INPUT DATA:
*** Begin section ***

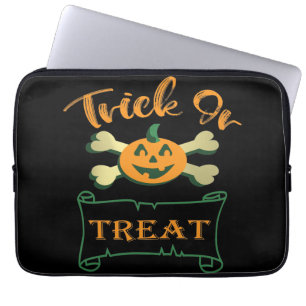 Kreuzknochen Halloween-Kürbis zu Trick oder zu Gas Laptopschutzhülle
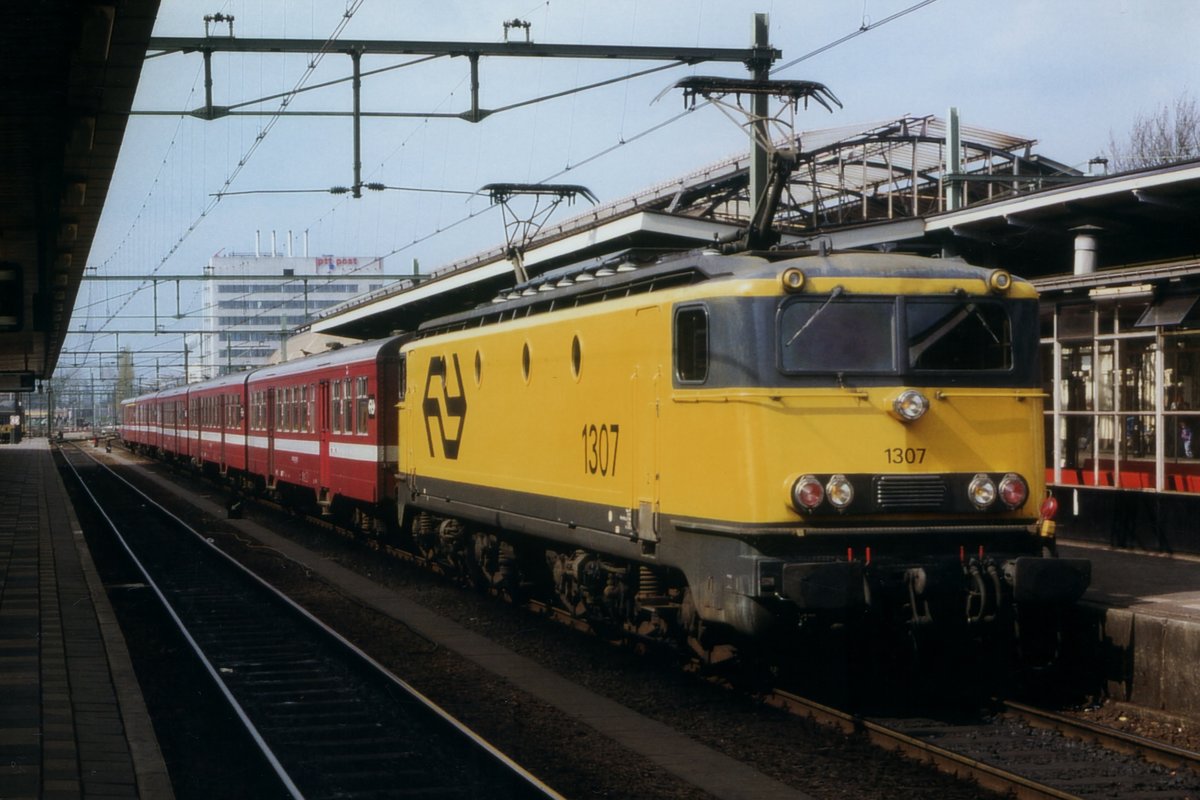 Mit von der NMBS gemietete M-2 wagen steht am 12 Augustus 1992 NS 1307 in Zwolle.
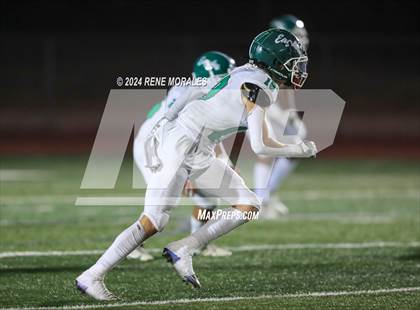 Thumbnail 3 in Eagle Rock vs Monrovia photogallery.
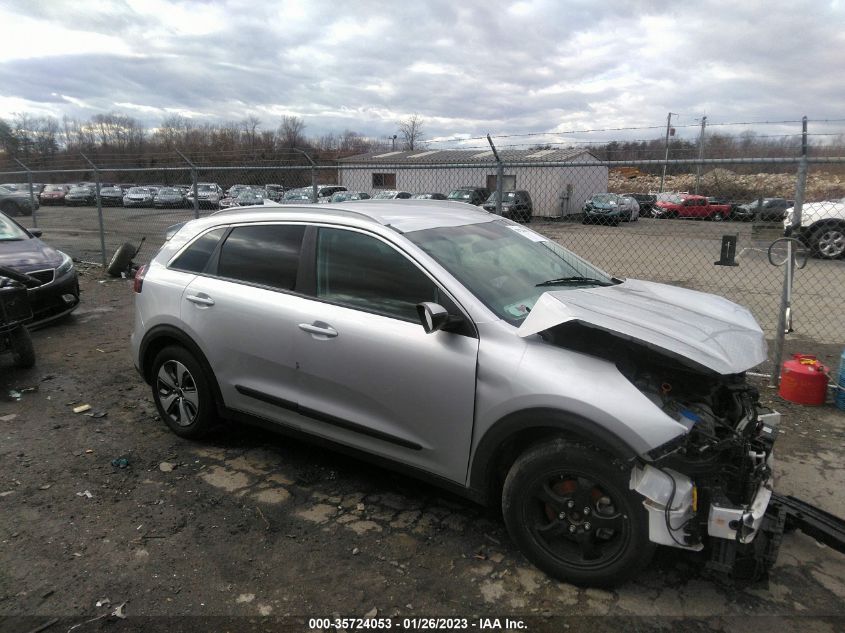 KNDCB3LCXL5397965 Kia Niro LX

*** End section ***
*** Begin section ***

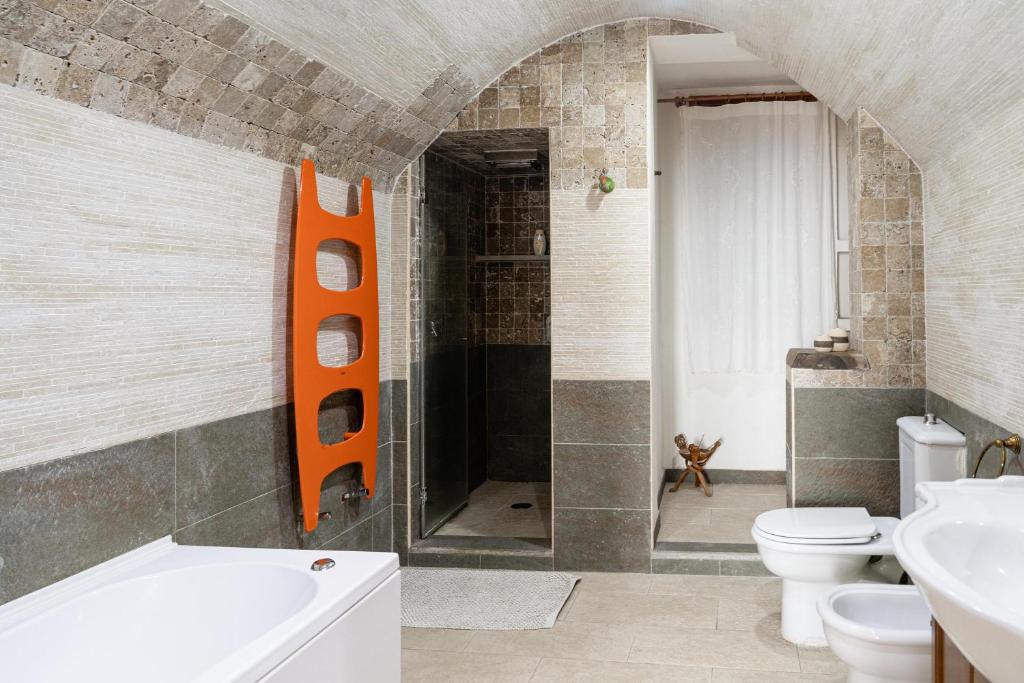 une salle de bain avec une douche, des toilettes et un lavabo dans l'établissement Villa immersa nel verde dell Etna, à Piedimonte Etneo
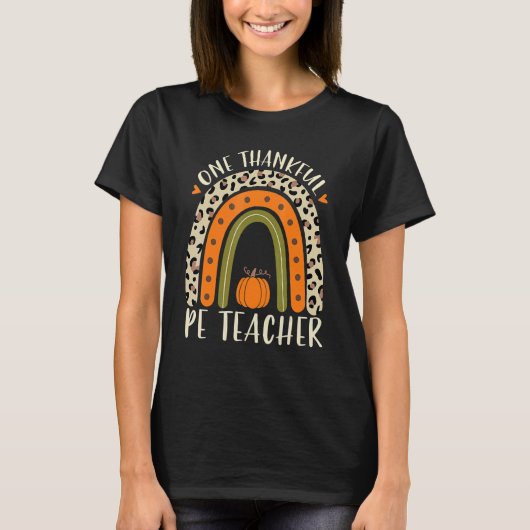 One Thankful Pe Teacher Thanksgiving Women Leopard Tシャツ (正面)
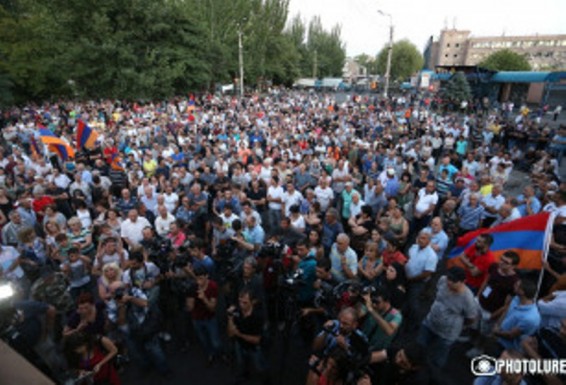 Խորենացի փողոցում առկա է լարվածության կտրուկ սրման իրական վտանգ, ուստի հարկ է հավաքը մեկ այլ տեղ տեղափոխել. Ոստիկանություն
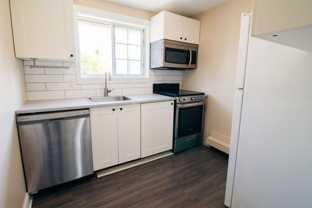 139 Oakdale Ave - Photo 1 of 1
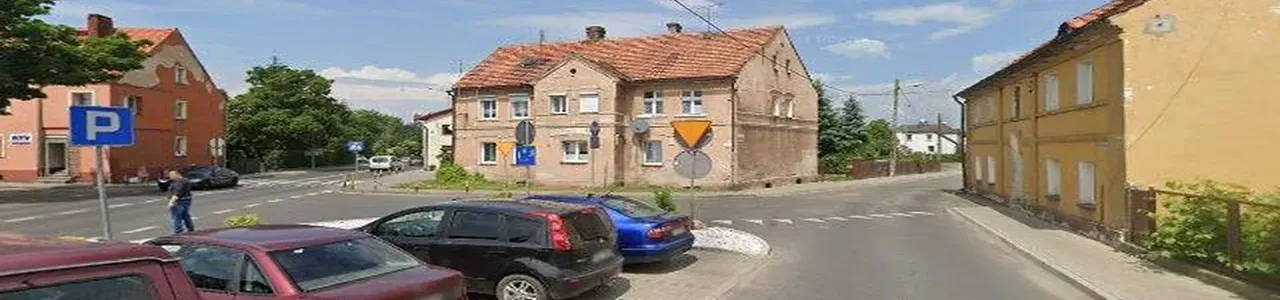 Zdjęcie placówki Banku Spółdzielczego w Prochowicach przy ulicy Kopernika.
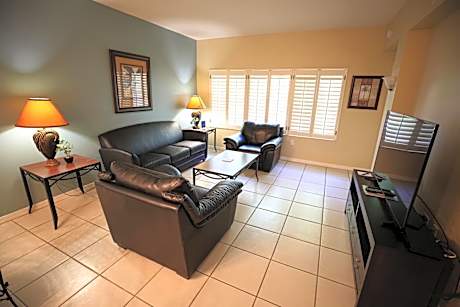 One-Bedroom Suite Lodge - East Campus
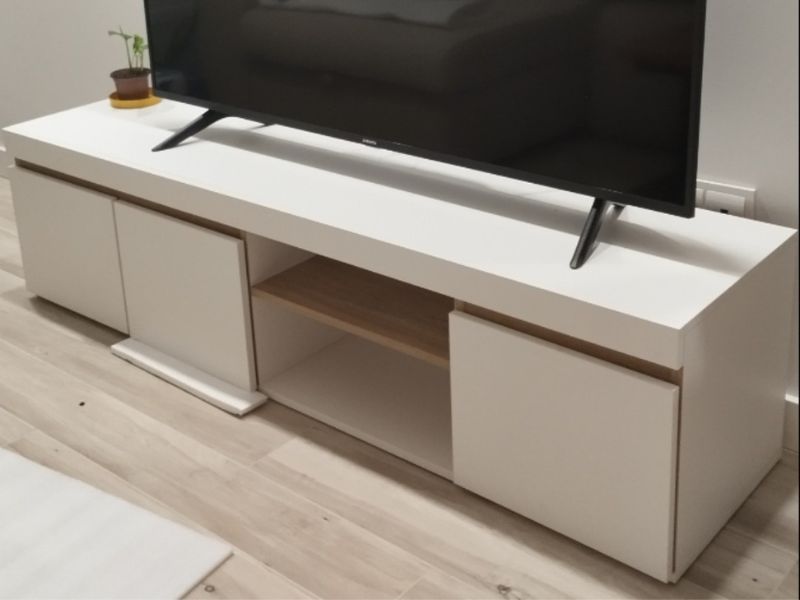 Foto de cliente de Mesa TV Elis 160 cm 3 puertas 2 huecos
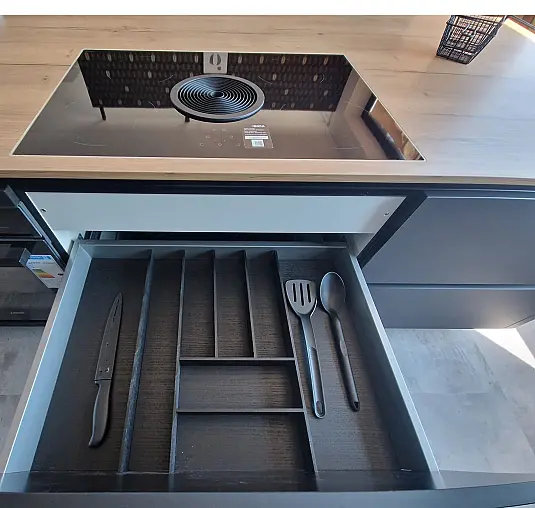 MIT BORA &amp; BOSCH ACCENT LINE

*** End section ***

PROBLEM DETAILS:
Exactly the lines above, from the one containing "One Thankful Pe" down to the one containing "MIT BORA &amp; BOSCH ACCENT LINE", are to be repeated, including both ends. Pictures are not part of the copy.

RESPONSE:
 One Thankful Pe Teacher Thanksgiving Women Leopard Tシャツ (正面)
 Խորենացի փողոցում առկա է լարվածության կտրուկ սրման իրական վտանգ, ուստի հարկ է հավաքը մեկ այլ տեղ տեղափոխել. Ոստիկանություն
 139 Oakdale Ave - Photo 1 of 1
 Zdjęcie placówki Banku Spółdzielczego w Prochowicach przy ulicy Kopernika.
 One-Bedroom Suite Lodge - East Campus
 Foto de cliente de Mesa TV Elis 160 cm 3 puertas 2 huecos
 MIT BORA &amp; BOSCH ACCENT LINE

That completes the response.